**What to do:**
Starting at the top line, print the entries below exactly as they are and skip every picture.

**Data supplied:**
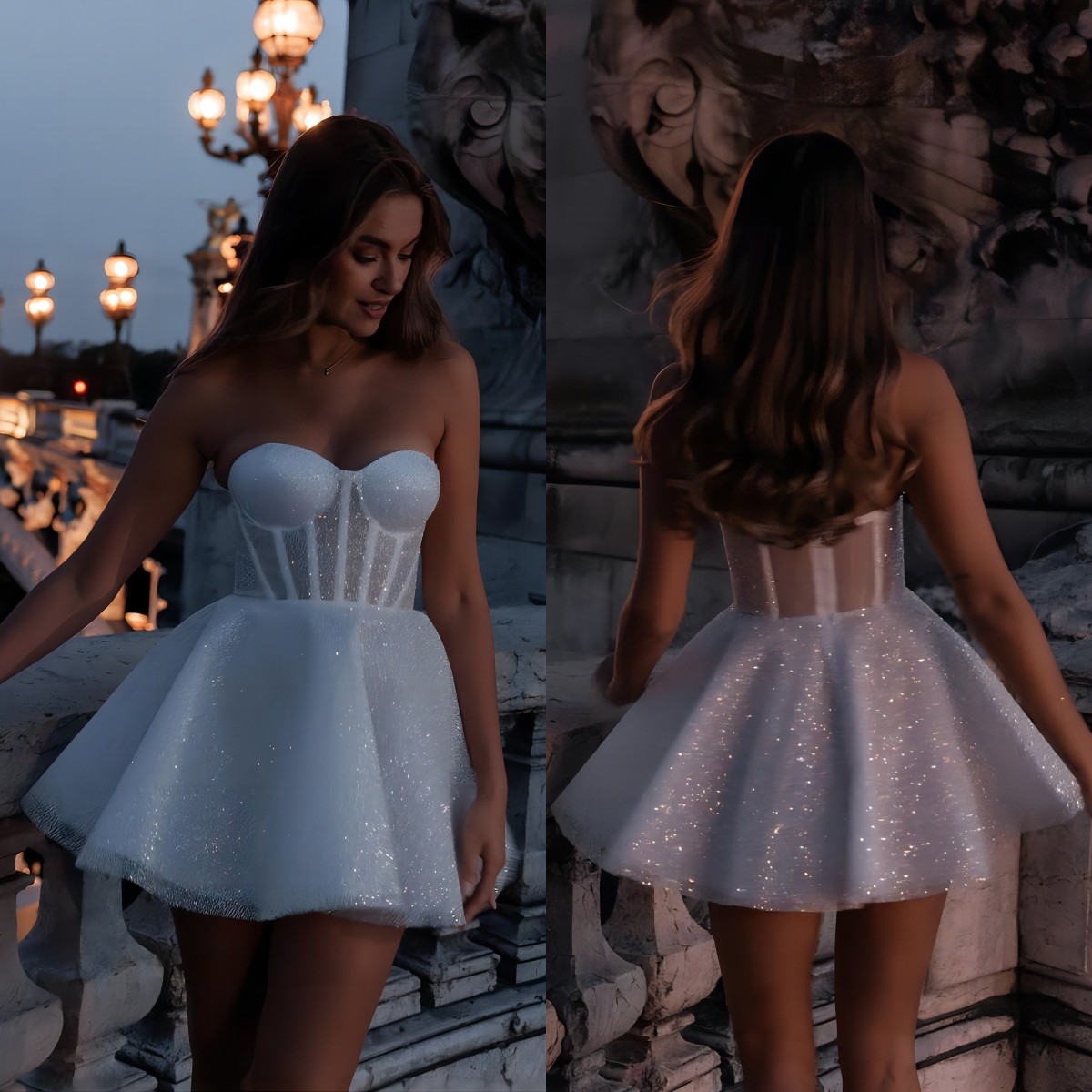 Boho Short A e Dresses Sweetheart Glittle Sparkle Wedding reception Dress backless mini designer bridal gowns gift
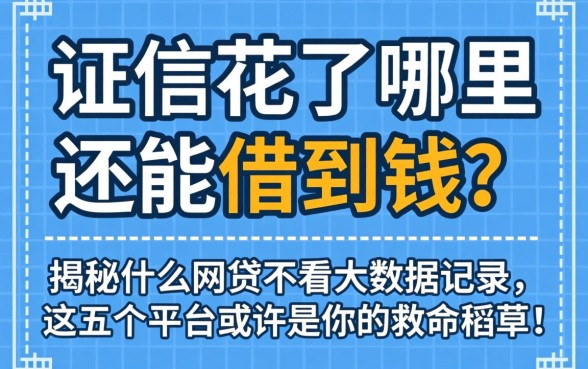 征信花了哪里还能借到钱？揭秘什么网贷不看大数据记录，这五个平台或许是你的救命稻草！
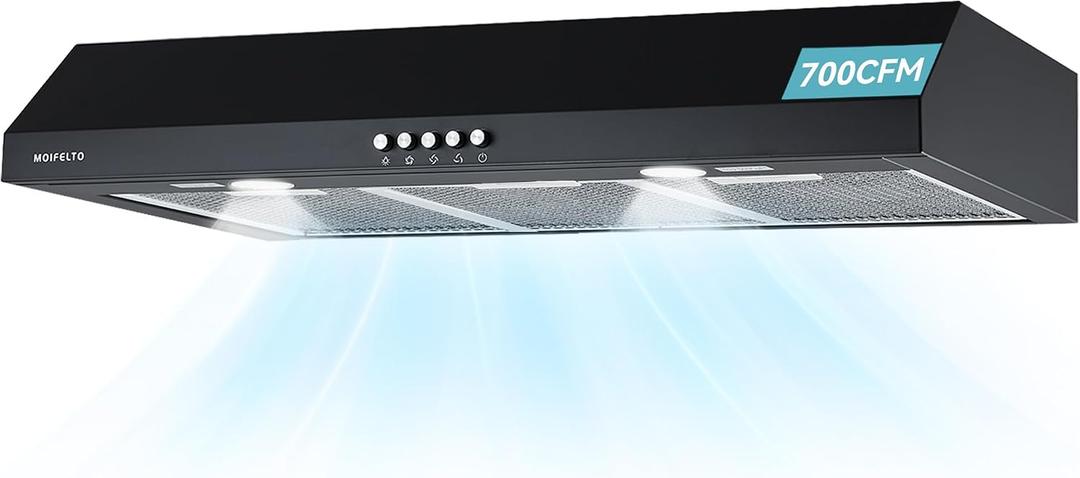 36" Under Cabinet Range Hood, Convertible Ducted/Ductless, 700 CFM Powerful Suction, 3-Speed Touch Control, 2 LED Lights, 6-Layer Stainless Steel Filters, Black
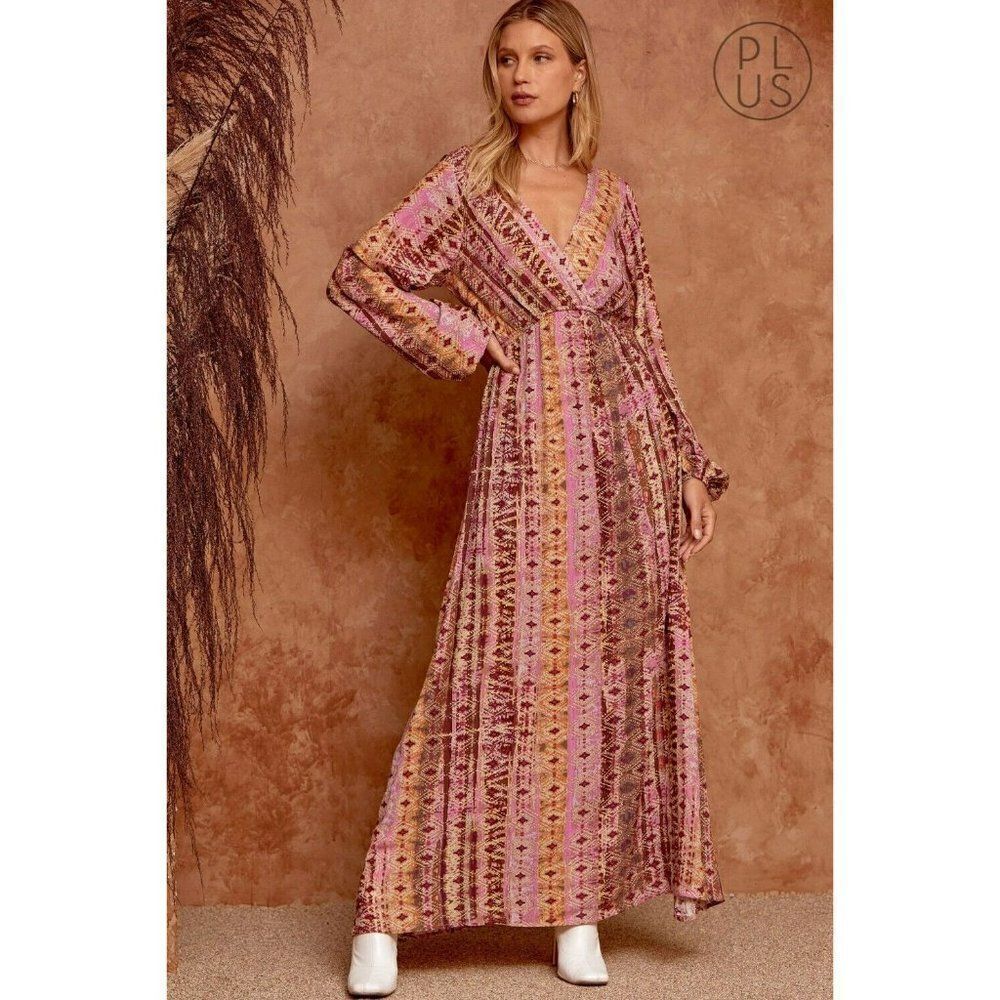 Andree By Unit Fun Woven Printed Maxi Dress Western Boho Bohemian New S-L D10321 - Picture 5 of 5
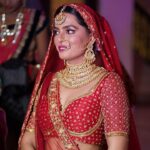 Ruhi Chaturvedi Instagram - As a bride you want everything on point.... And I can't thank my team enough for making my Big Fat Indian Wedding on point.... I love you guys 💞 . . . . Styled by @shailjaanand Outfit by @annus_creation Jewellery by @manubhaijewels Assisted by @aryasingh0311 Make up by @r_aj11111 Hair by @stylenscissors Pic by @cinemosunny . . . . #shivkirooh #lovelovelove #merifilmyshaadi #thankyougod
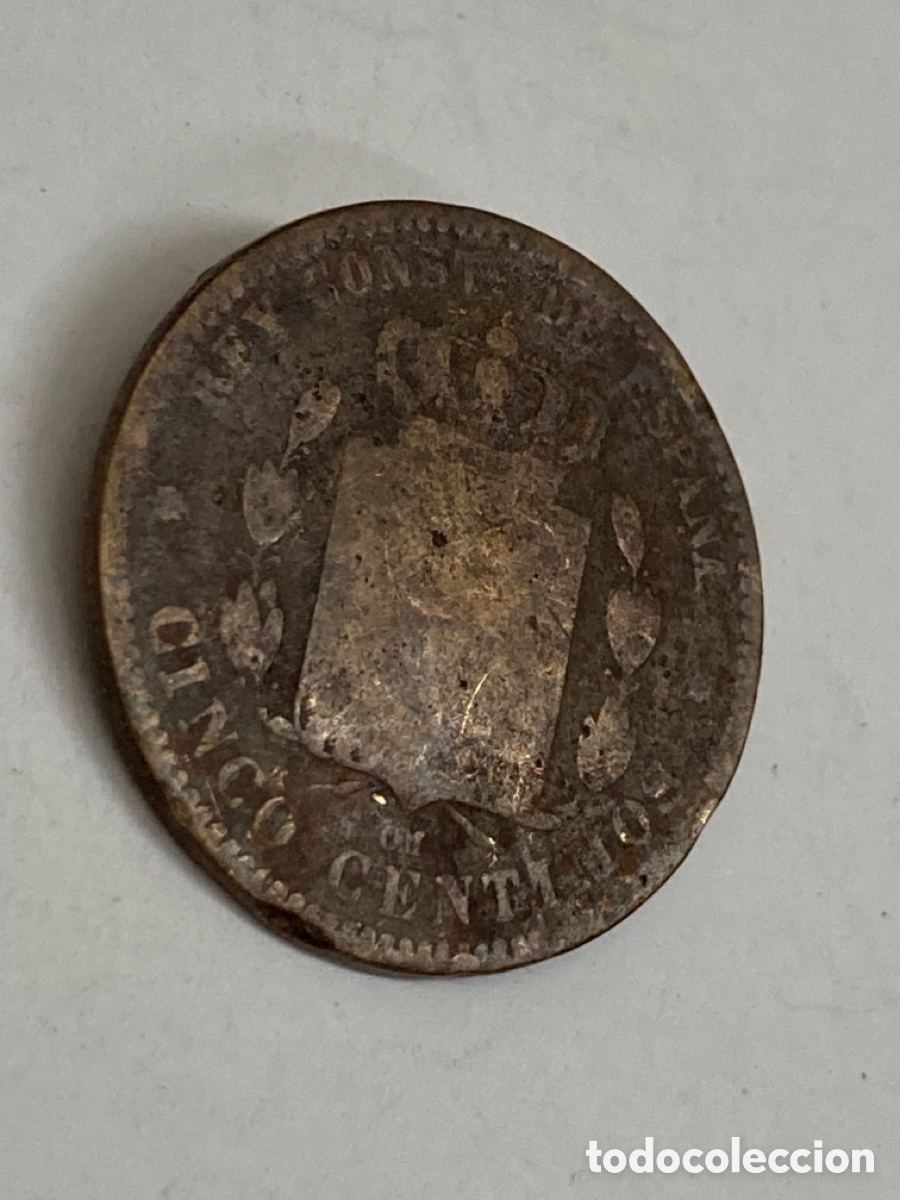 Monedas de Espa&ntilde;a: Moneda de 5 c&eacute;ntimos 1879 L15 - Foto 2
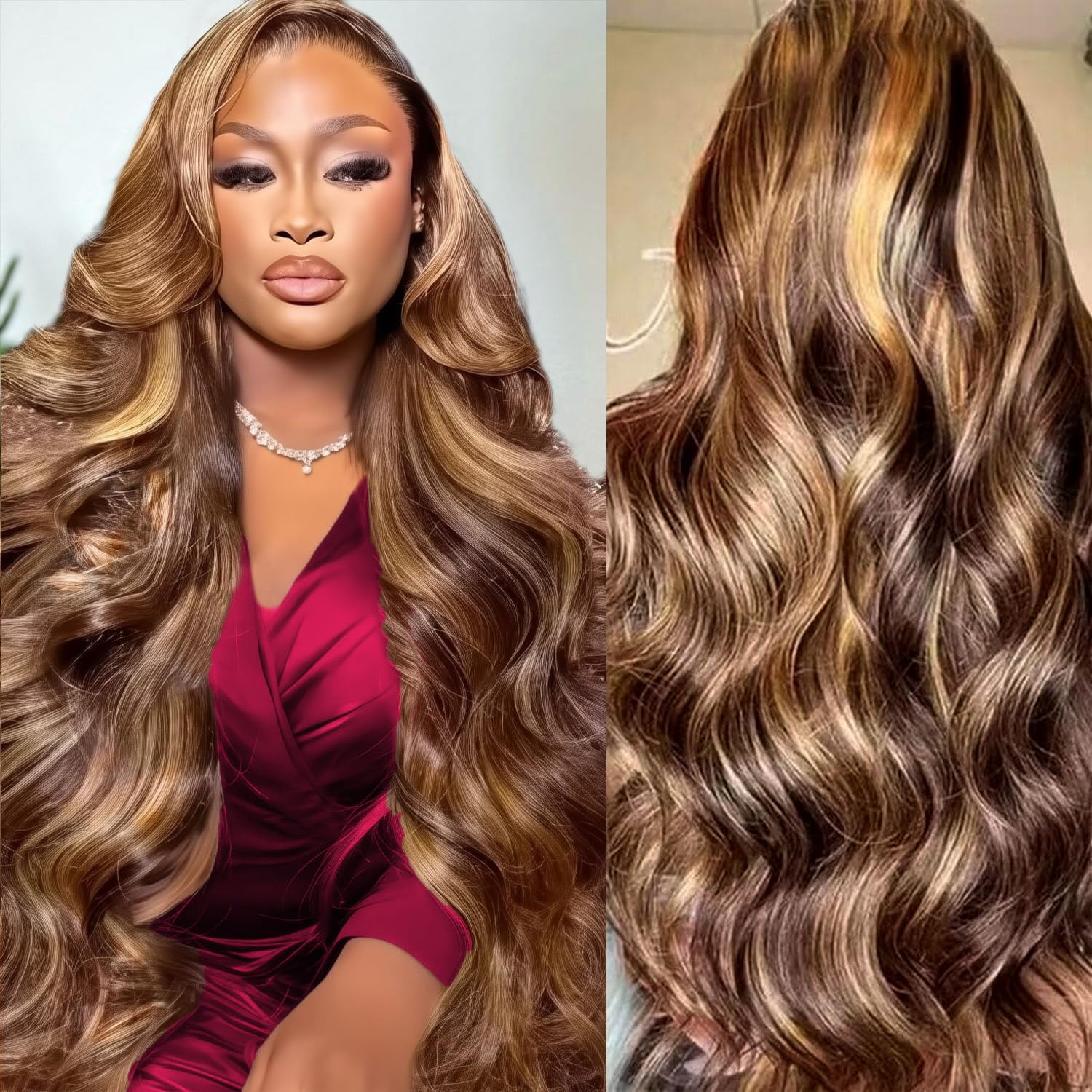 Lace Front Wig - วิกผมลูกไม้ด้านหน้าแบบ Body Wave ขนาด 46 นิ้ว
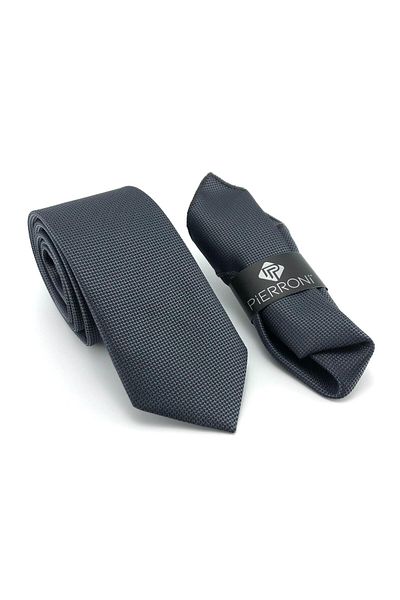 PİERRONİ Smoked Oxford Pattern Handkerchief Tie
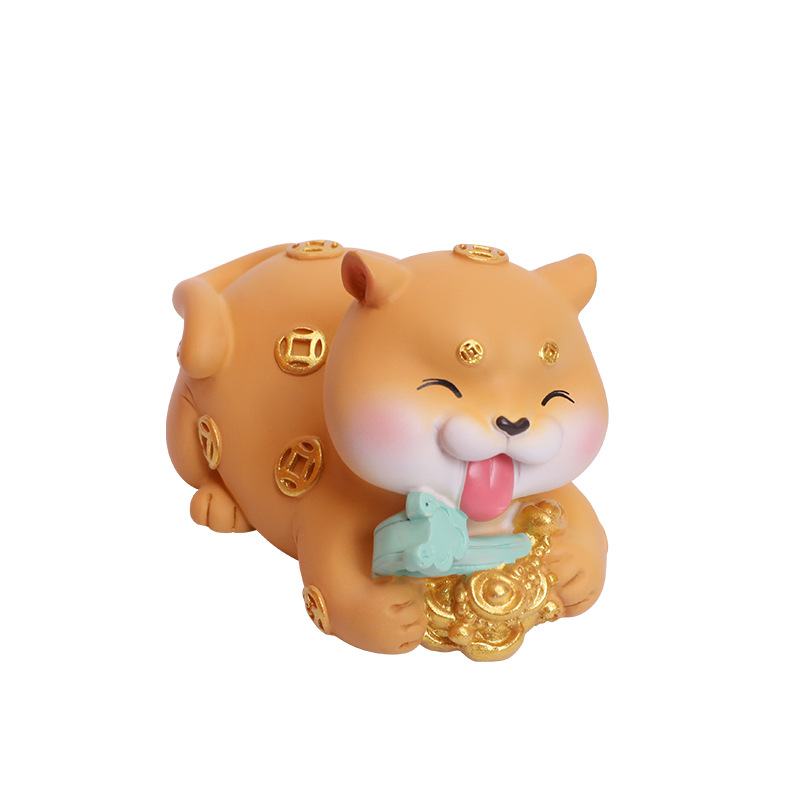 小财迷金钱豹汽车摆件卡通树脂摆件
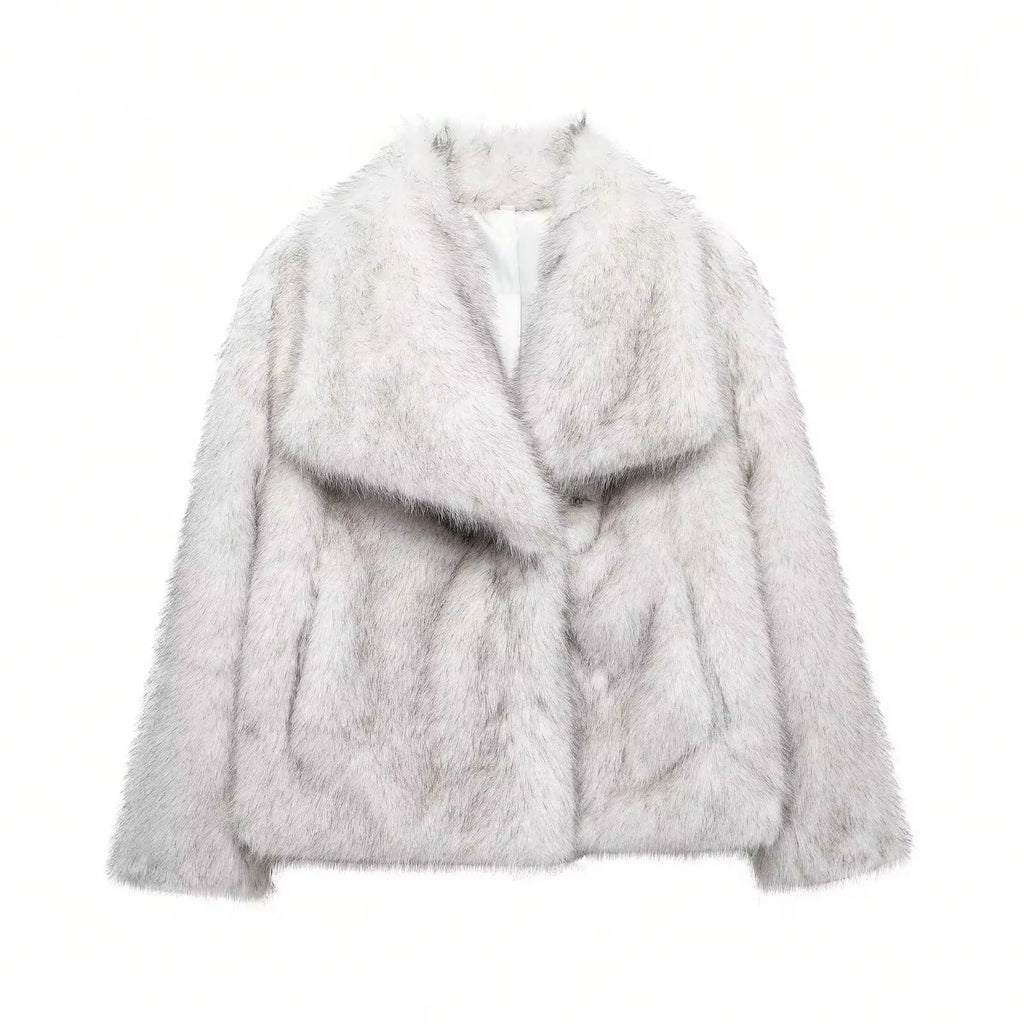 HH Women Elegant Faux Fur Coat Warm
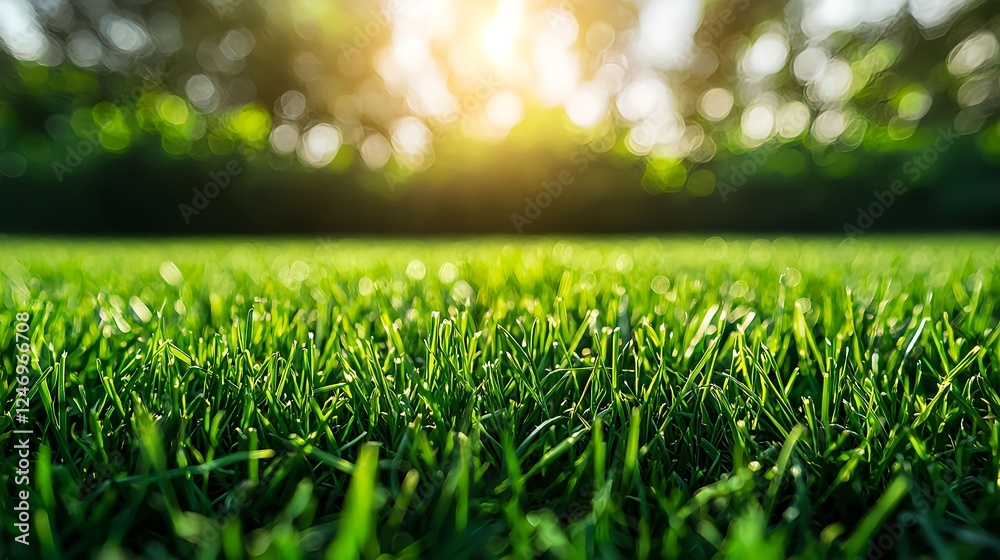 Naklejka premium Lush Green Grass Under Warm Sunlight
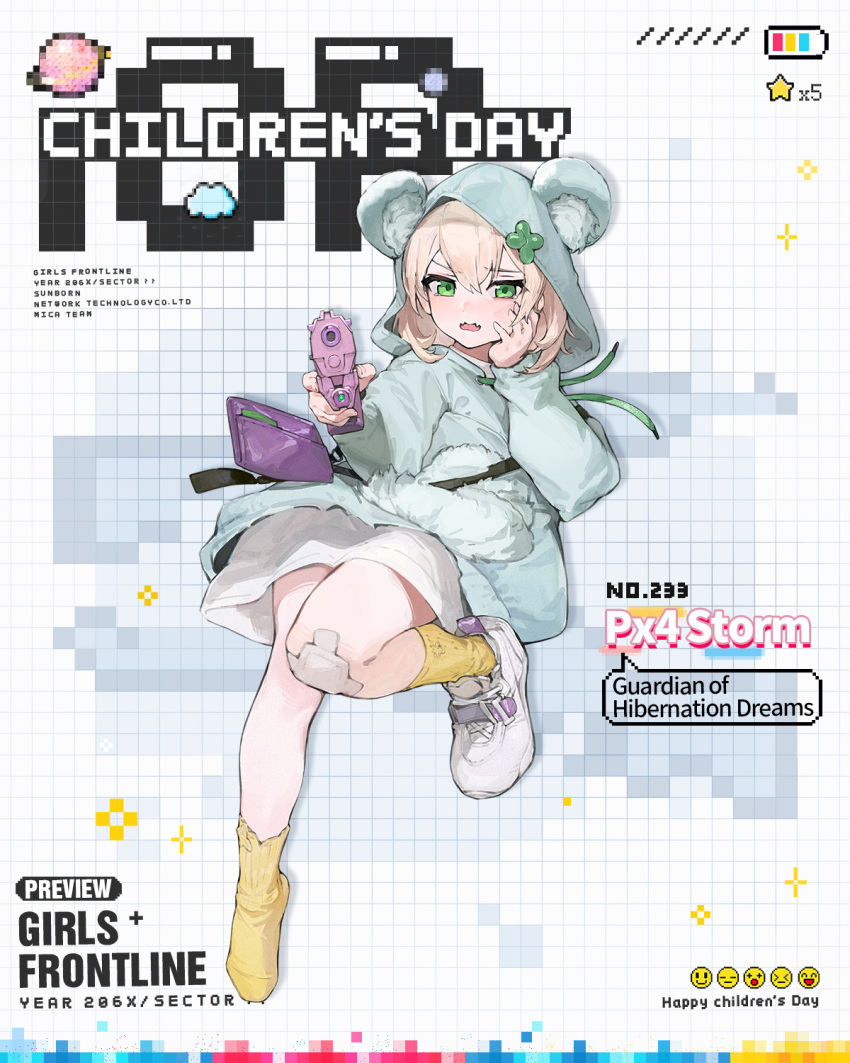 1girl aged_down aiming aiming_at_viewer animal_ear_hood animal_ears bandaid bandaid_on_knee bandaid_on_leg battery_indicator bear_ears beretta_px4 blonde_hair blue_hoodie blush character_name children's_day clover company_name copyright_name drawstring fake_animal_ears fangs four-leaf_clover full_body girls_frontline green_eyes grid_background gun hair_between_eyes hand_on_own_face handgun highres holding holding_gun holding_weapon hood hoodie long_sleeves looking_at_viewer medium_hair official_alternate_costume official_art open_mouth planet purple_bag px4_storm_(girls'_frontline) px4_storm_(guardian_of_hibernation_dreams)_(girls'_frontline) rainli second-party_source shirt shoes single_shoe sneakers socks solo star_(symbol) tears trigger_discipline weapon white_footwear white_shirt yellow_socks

**Response area:**
 Boho Short A e Dresses Sweetheart Glittle Sparkle Wedding reception Dress backless mini designer bridal gowns gift
 征信花了哪里还能借到钱？揭秘什么网贷不看大数据记录，这五个平台或许是你的救命稻草！
 36" Under Cabinet Range Hood, Convertible Ducted/Ductless, 700 CFM Powerful Suction, 3-Speed Touch Control, 2 LED Lights, 6-Layer Stainless Steel Filters, Black
 Andree By Unit Fun Woven Printed Maxi Dress Western Boho Bohemian New S-L D10321 - Picture 5 of 5
 Ruhi Chaturvedi Instagram - As a bride you want everything on point.... And I can't thank my team enough for making my Big Fat Indian Wedding on point.... I love you guys 💞 . . . . Styled by @shailjaanand Outfit by @annus_creation Jewellery by @manubhaijewels Assisted by @aryasingh0311 Make up by @r_aj11111 Hair by @stylenscissors Pic by @cinemosunny . . . . #shivkirooh #lovelovelove #merifilmyshaadi #thankyougod
 Monedas de Espa&ntilde;a: Moneda de 5 c&eacute;ntimos 1879 L15 - Foto 2
 Lace Front Wig - วิกผมลูกไม้ด้านหน้าแบบ Body Wave ขนาด 46 นิ้ว
 PİERRONİ Smoked Oxford Pattern Handkerchief Tie
 小财迷金钱豹汽车摆件卡通树脂摆件
 HH Women Elegant Faux Fur Coat Warm
 Naklejka premium Lush Green Grass Under Warm Sunlight
 1girl aged_down aiming aiming_at_viewer animal_ear_hood animal_ears bandaid bandaid_on_knee bandaid_on_leg battery_indicator bear_ears beretta_px4 blonde_hair blue_hoodie blush character_name children's_day clover company_name copyright_name drawstring fake_animal_ears fangs four-leaf_clover full_body girls_frontline green_eyes grid_background gun hair_between_eyes hand_on_own_face handgun highres holding holding_gun holding_weapon hood hoodie long_sleeves looking_at_viewer medium_hair official_alternate_costume official_art open_mouth planet purple_bag px4_storm_(girls'_frontline) px4_storm_(guardian_of_hibernation_dreams)_(girls'_frontline) rainli second-party_source shirt shoes single_shoe sneakers socks solo star_(symbol) tears trigger_discipline weapon white_footwear white_shirt yellow_socks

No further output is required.